Dana Gillihan left a message on November 13, 2019:
Bucky was a dear friend of my mom, Jo Alice Gillihan and my Dad, Allan, since their college days. I grew up with an old black and white photo of mom sitting with Bucky at a table and pretending to drop a pair of special theater tickets he had into the candle fire! He and my mom played my parents at Springfield Little Theater’s “Cheaper by the Dozen” in 1979(?) - I posted a pic somewhere here. :) Thank you for the French, and the love and the culture, Bucky. You’ve had a wonderful influence on so many at just the right time. —Dana Inimitable
Fred Hedgpeth left a message on November 13, 2019:
Mr Bowman opened my eyes to the world. I was with him on a six week tour starting in Rome and ending in London I have so many great memories of Bucky and our group. He was so much fun with a wealth of knowledge .Summer of 1973 RIP you were one of a kind. Love you
Michael (mike) Clawson left a message on November 13, 2019:
William Bowman and I attended Senior HS here in Spfd, Mo. together in the middle 50's . He was a good friend. We had lost touch with each other thru the years, There were 5 of us that had a fish dinner at the school cafeteria, on Friday, we then went on for ROTC drill together of an afternoon at the football field, We would check each other out to make sure we were properly dressed and our brass and shoes were shiny , did not want any demerits, lol, Good times together.
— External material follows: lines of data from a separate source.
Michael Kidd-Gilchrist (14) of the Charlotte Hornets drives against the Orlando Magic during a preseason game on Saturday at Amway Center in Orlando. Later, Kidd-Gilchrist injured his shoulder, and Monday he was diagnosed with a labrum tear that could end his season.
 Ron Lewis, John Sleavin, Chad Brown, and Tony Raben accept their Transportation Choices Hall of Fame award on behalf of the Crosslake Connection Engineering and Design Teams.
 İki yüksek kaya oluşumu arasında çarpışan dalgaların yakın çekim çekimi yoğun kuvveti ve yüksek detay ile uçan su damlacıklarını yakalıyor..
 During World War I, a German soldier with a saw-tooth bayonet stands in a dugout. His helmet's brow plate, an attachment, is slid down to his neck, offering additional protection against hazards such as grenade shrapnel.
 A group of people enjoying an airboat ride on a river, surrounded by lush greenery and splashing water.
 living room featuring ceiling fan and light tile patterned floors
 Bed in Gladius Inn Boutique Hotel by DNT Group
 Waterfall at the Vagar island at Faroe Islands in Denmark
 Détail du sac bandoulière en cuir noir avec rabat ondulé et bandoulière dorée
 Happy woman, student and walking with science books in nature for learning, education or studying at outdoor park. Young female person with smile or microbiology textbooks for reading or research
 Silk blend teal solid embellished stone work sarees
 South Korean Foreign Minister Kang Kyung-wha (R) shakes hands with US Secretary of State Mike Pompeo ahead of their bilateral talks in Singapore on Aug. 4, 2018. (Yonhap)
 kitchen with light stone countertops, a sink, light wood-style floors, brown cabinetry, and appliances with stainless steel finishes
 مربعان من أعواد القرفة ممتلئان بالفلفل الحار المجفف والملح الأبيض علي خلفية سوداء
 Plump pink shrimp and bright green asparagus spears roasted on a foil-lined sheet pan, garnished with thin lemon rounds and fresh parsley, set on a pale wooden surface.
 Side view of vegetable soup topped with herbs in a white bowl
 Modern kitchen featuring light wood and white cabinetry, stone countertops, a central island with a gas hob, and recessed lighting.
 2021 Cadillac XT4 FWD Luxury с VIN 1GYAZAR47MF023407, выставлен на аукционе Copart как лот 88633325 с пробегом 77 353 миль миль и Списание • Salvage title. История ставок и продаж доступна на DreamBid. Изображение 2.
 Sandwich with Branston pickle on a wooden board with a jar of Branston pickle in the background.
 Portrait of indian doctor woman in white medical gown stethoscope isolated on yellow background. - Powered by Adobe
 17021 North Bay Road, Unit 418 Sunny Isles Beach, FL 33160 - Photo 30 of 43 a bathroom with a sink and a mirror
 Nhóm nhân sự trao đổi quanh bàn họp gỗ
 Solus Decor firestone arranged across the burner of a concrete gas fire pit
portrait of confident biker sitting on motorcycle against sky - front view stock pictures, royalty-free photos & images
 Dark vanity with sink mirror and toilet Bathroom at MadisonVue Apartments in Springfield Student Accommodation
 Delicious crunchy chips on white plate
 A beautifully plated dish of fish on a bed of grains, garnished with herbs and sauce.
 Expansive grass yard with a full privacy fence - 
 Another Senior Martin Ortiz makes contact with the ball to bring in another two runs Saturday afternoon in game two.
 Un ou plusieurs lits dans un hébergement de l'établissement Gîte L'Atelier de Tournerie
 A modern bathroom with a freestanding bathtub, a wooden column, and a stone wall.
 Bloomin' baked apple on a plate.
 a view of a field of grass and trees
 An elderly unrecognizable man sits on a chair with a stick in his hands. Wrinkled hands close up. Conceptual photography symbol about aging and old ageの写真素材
Great memories
Barbara Bodanske left a message on November 13, 2019:
Mr. Bowman was my French teacher at Glendale High School, and my English teacher. He always made class fun, and was kind to everyone. He encouraged me to succeed and for that I will always remember him very fondly.
Phillip Stoke left a message on November 12, 2019:
Sorry to hear about Bucky's passing. I was a friend of Bucky in grade school at the old Kickapoo School on M highway (now Republic Rd.) but due to our family moving out of town I lost contact with him. Phillip Stoke
Lacey (Bradley) Hart left a message on November 12, 2019:
Mr. Bowman (he will always be a Mr. to me) was one of the best teachers and had one of the most enjoyable classrooms during the time I spent at Glendale High School in the early to mid 70s. His love of knowlege and his joy in his students' lives and accomplishments even after leaving school was remarkable and many in the class of '75 cherished him. He would recognize many of us even 40 years after being participants in his class room. He even attended one of our reunion events a few years back, a happy opportunity for many of us to enjoy his sophisticated and witty presence. Members of my sophomore English class will always remember him allowing the presentation of the now iconic Mark Spitz poster to one of our female classmates (who like all self respecting young females) was enamored with him, and then later of the iconic Farrah Fawcett poster to one of the male classmates just to keep things even! I remember his rant about how too many of the gals parted their hair in the center when only one of us truly looked best with a center part. Creative writing assignments, corrections of spelling errors and grammar, introducing us to wonderful plays such as The Man Who Came to Dinner, all are remembered fondly. He hosted many of us at a party in his home prior to our 10th reunion. Mr. Bowman made learning a joy and will be remembered with great affection. The world is a sadder place without him, but the impact of his life made the world a better place. To all who loved him, to all who knew him better than his mere students, heartfelt condolences. May you cherish your memories of this wonderful man. Lacey (Bradley)
Greenlawn left a message:
Please accept our deepest condolences for your family's loss.